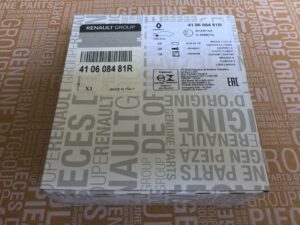 410608481R ÖN FREN BALATA TK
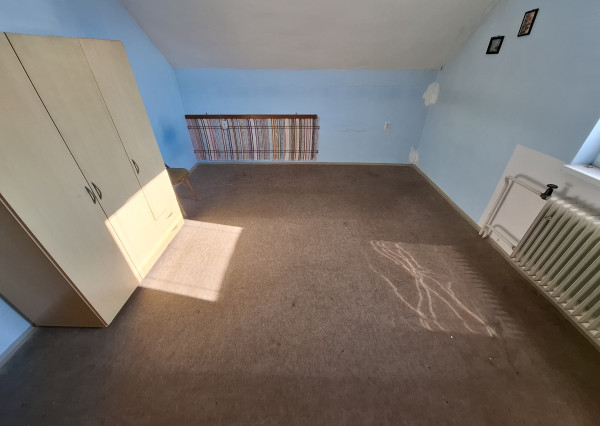 Rodinný dom v obci Jamník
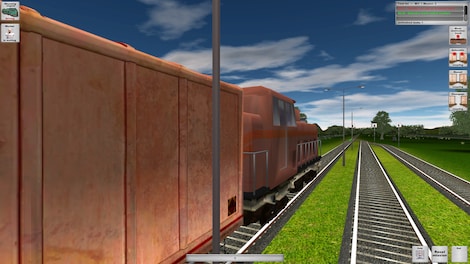 Rail Cargo Simulator Steam Key GLOBAL - 5
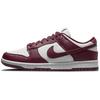 Nike Dunk usado color remolacha oscura Sail DD1503-108-P26083563238340
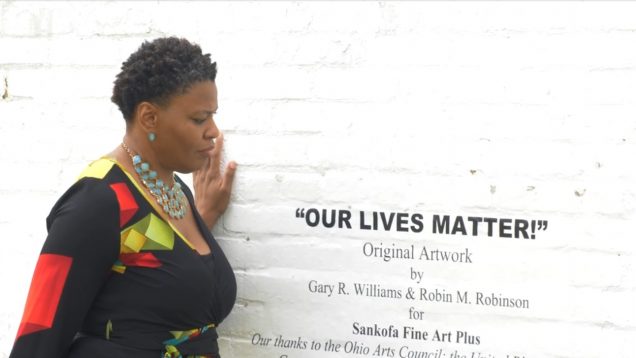 Black Lives Do Matter – Diona D Hunter – USA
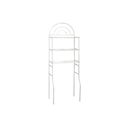 Organizador para baño metal zenith 2501w blanco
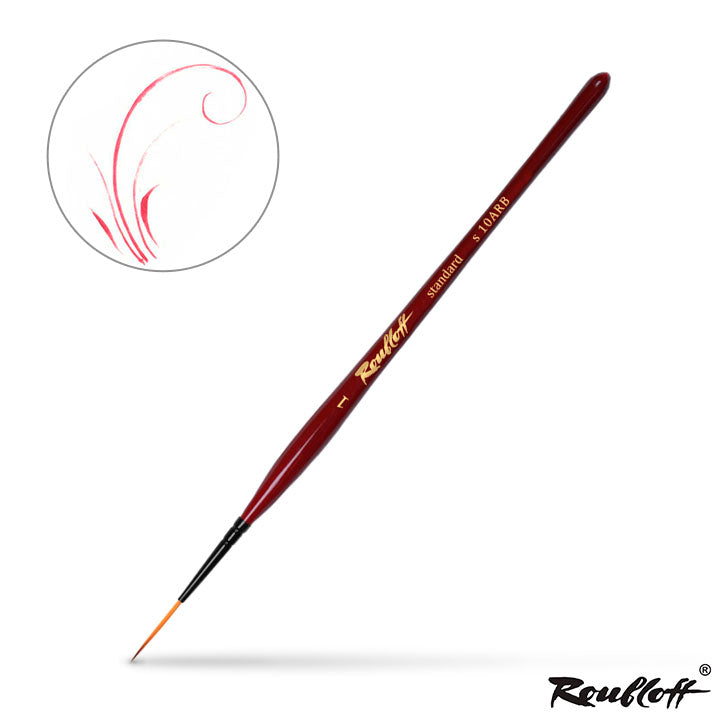 Roubloff četkica 10ARB Liner duga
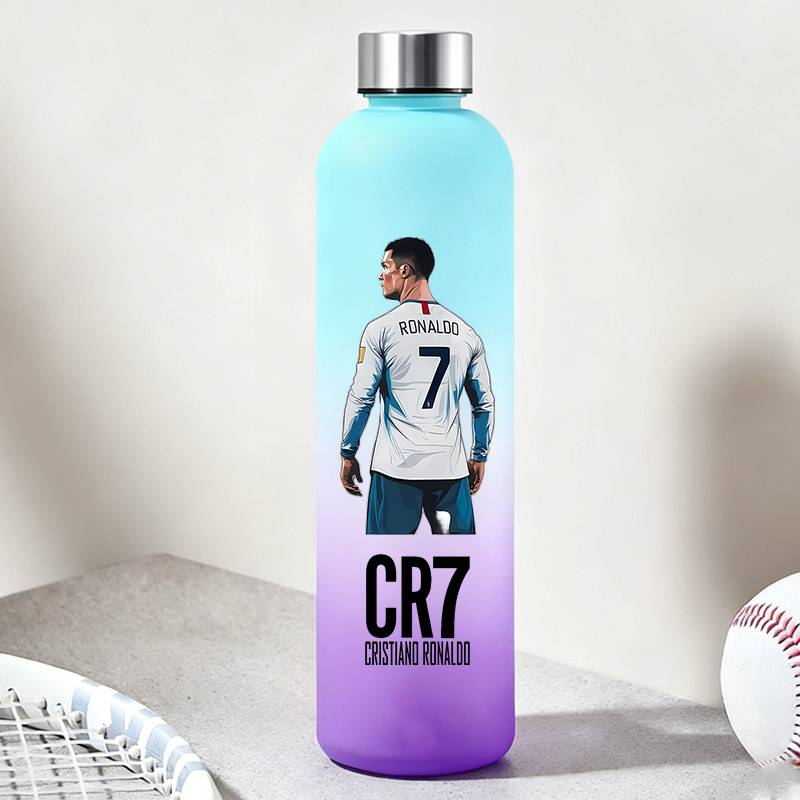 Travel Accessories For Kids - Bottiglie d'acqua CR7 da 900 ml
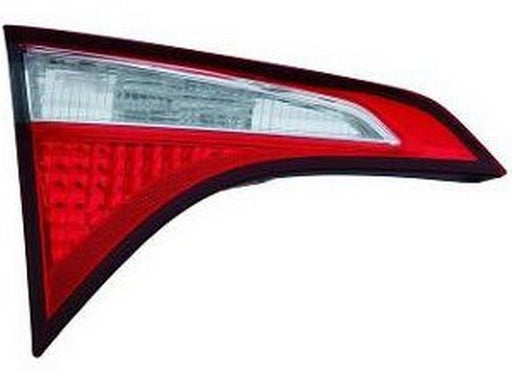 Tail Light Assembly Pacific Auto Company P80762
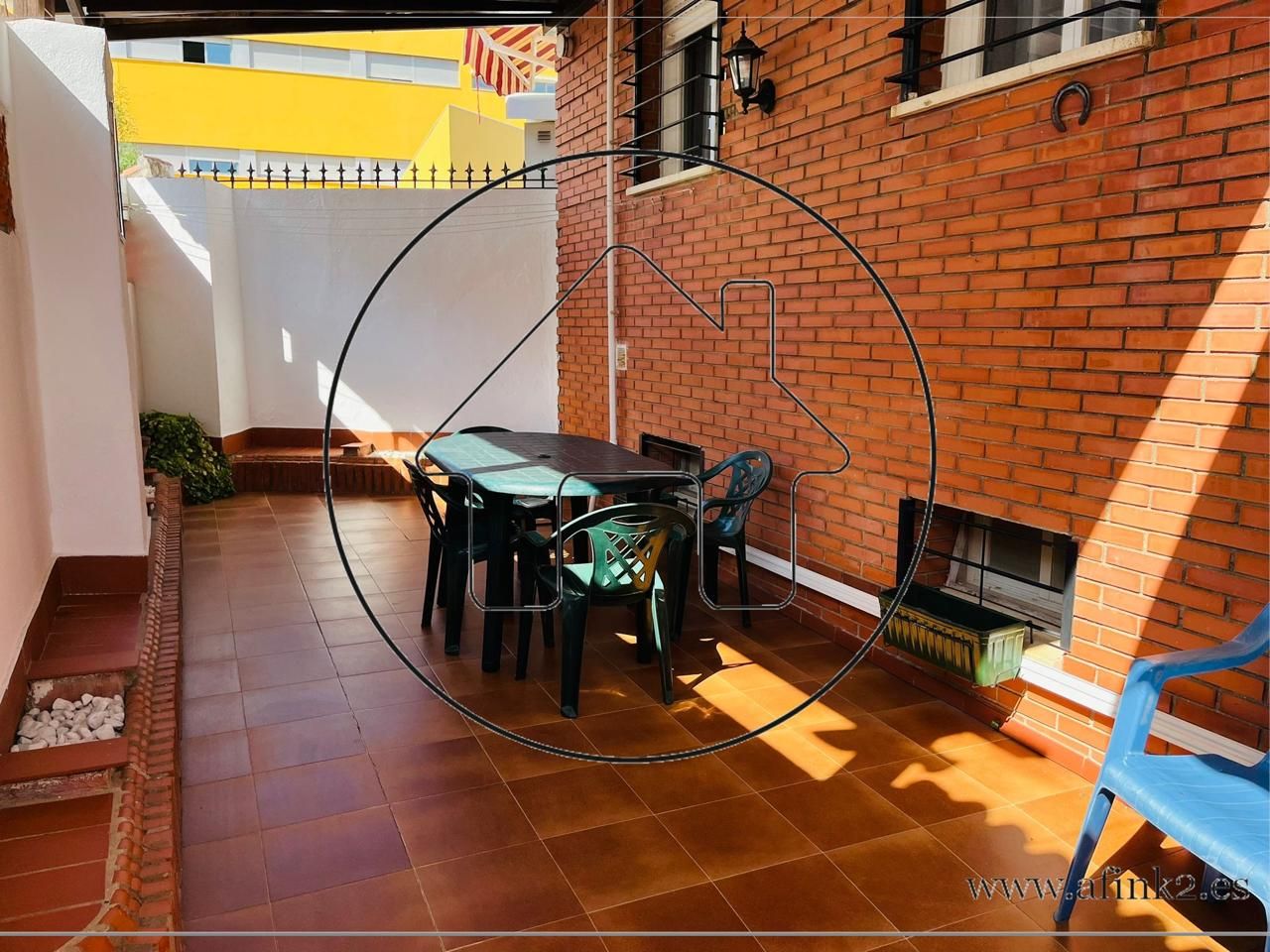 Terrace of House or chalet for sale in Aljaraque  with Terrace and Community pool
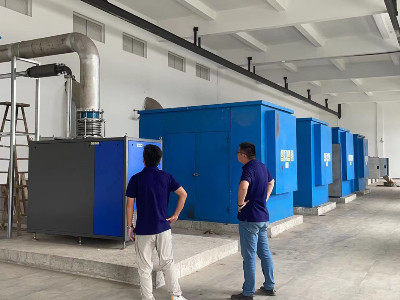 杭州翁垟污水處理廠應(yīng)用案例！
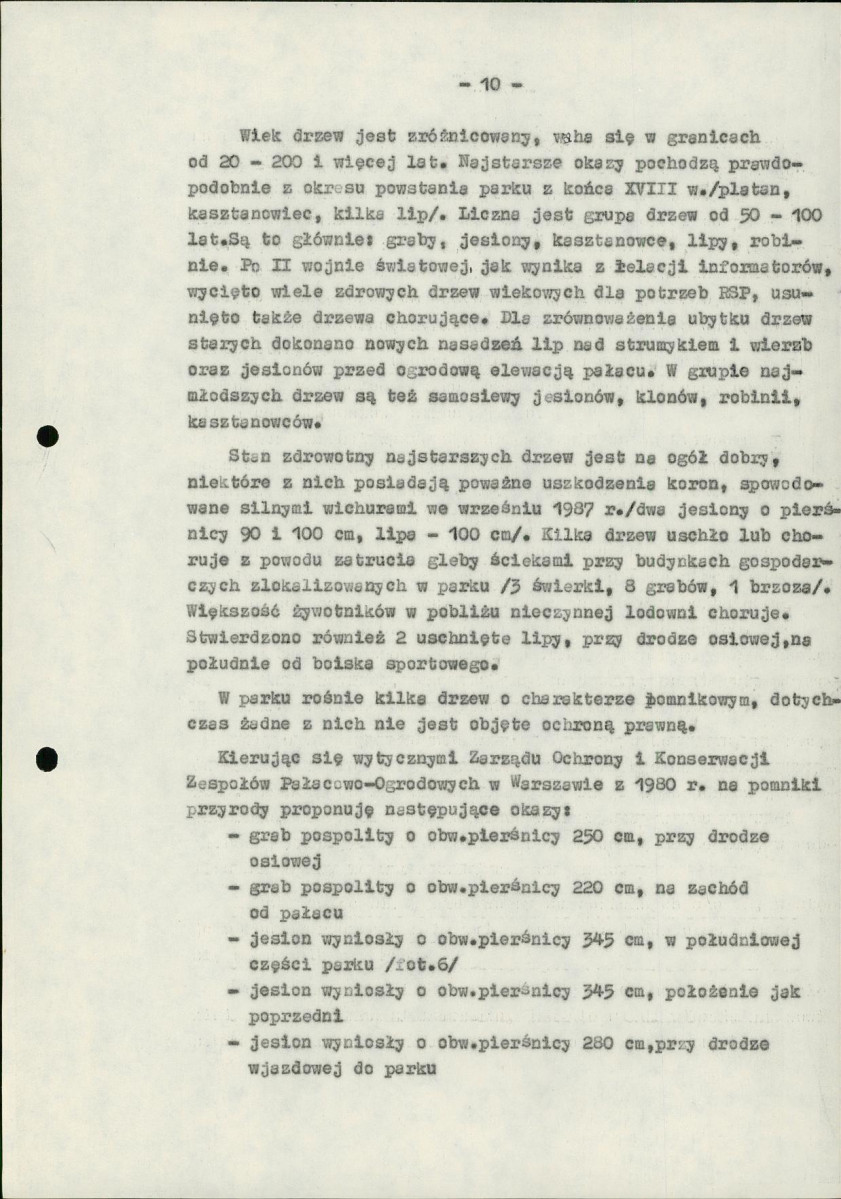 Ewidencja parkowa, skan nr 17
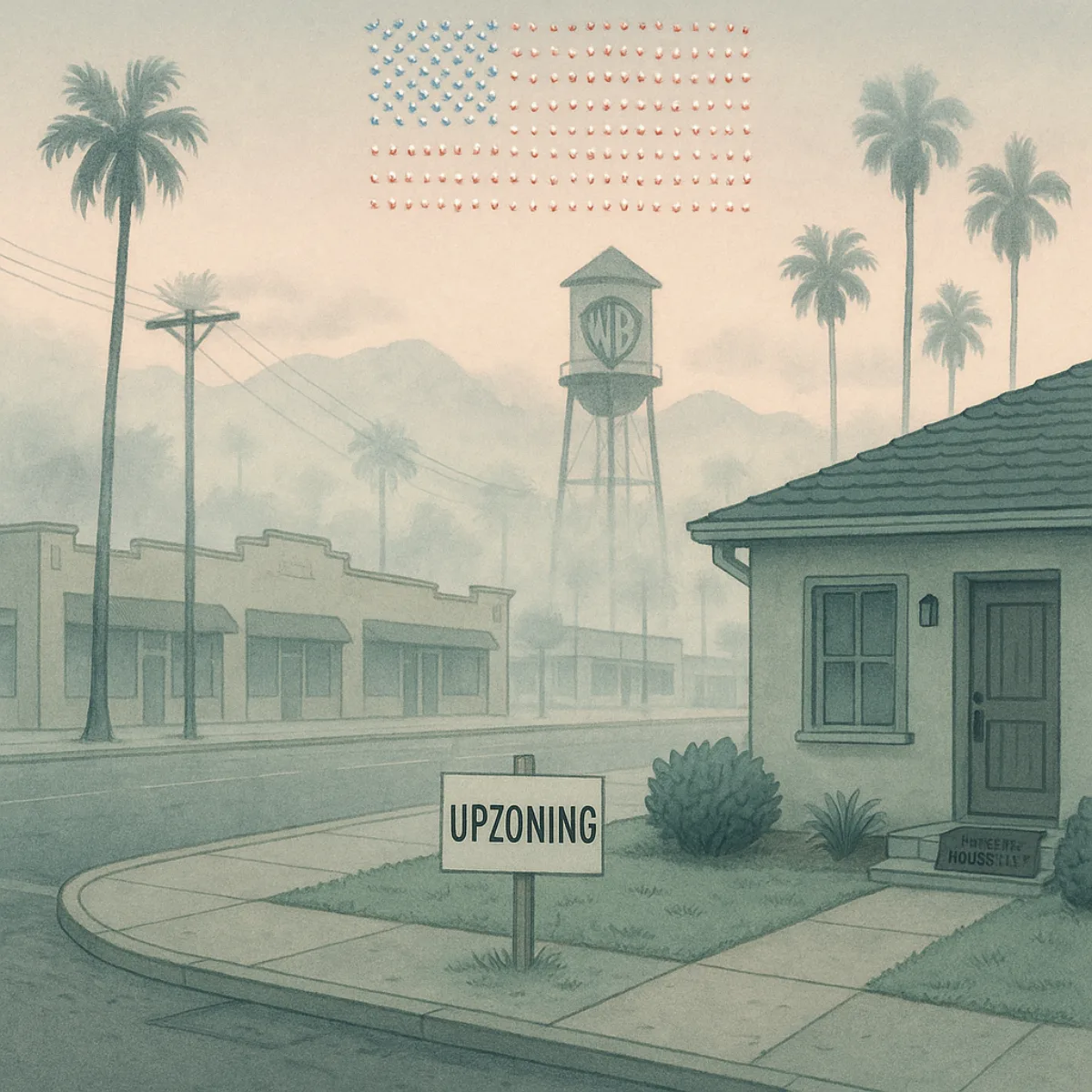 Burbank daily dispatch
#####
EXERCISE REQUIREMENTS => All of the material goes into the answer exactly as it stands, except for the pictures.

SOLVED EXERCISE =>
 410608481R ÖN FREN BALATA TK
 Rodinný dom v obci Jamník
 Rail Cargo Simulator Steam Key GLOBAL - 5
 Nike Dunk usado color remolacha oscura Sail DD1503-108-P26083563238340
 Black Lives Do Matter – Diona D Hunter – USA
 Organizador para baño metal zenith 2501w blanco
 Roubloff četkica 10ARB Liner duga
 Travel Accessories For Kids - Bottiglie d'acqua CR7 da 900 ml
 Tail Light Assembly Pacific Auto Company P80762
 Terrace of House or chalet for sale in Aljaraque  with Terrace and Community pool
 杭州翁垟污水處理廠應(yīng)用案例！
 Ewidencja parkowa, skan nr 17
 Burbank daily dispatch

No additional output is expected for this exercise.